Wherever the Woodmans lived and worked their domestic surroundings fed into their artistic practice
The Woodmans first spent a year together in Italy in 1959-60 and returned in 1965-6, when George was granted a University of Colorado Faculty Fellowship and Betty won a Fulbright-Hays Fellowship in Florence. Both artists felt the profound influence of Italian art history, incorporating elements of classical sculpture, Italian architectural features and Renaissance floor tiles into their works. It was during this early time in Florence that Betty became inspired by the voluptuous forms of early Etruscan folk pottery, using French stoneware to develop her Etruscan Vases (1965-66) series, four of which are on view at Charleston. Meanwhile, George left behind the abstract landscape paintings begun on the couple’s earlier Tuscan sojourn and began a series of paintings based on patterns in 13th century floor mosaics.

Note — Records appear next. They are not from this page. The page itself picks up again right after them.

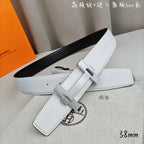 White leather belt with silver-tone buckle and long strap keeper.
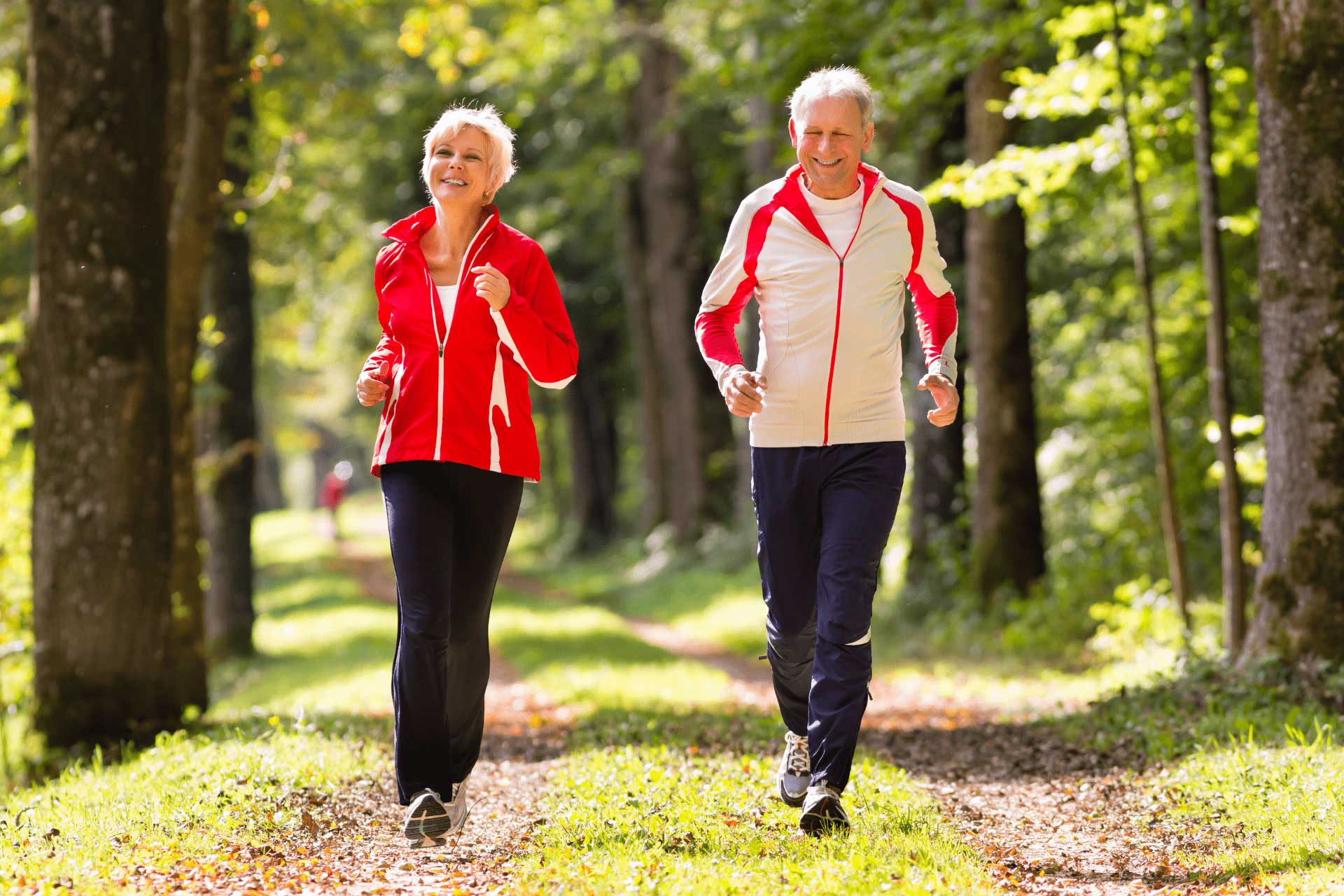 An older couple jogging side by side along a woodland path in matching red and white jackets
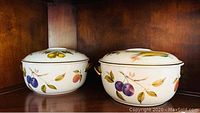 Pair of round covered porcelain casseroles with fruit and vegetable designs, white base color with gold-tone handles on lids and bodies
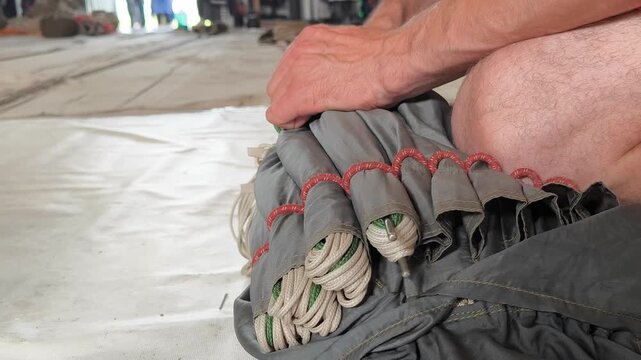 Close-up of the inspection of the stacked dome and parachute lines. The final stage of preparing the parachute system before performing the jump.
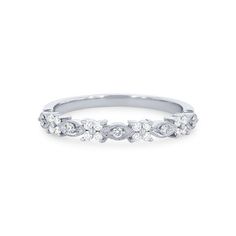 a white gold wedding band with five diamonds on the top and bottom, set in 18k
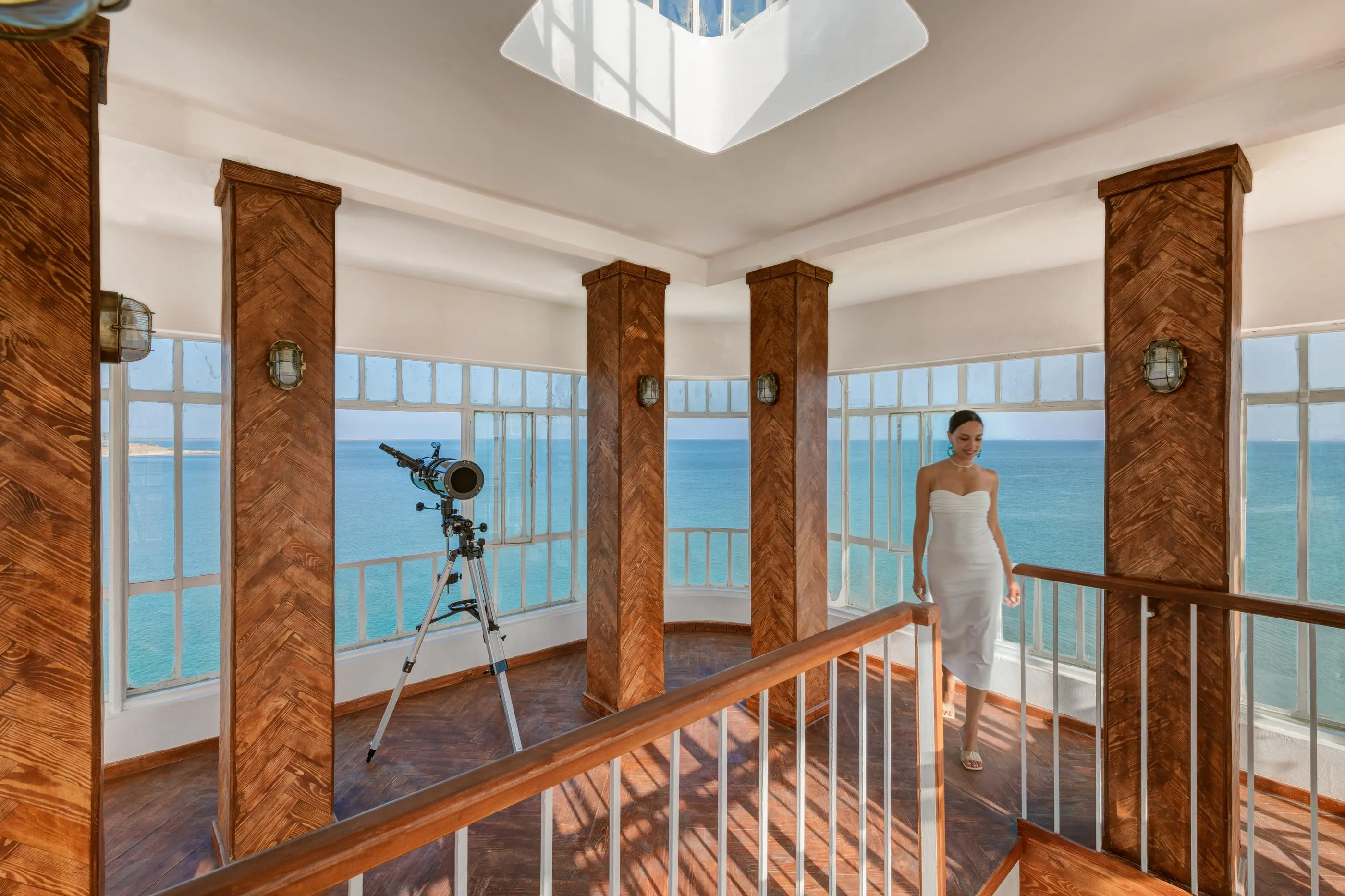 Une femme en robe blanche marche sur un balcon en bois avec vue sur la mer, un télescope est installé près de la rambarde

The modernist painting Piazza San Francesco di Paola (1965) exemplifies this interest, as well as his academic research into colour field theory, minimalism and geometry. The year in Florence marks a brief period in which George and Betty collaborated on specific artworks—George painted Betty’s Etruscan-inspired vases—but their collaboration in creating a life built around art and Italy was to continue far beyond that.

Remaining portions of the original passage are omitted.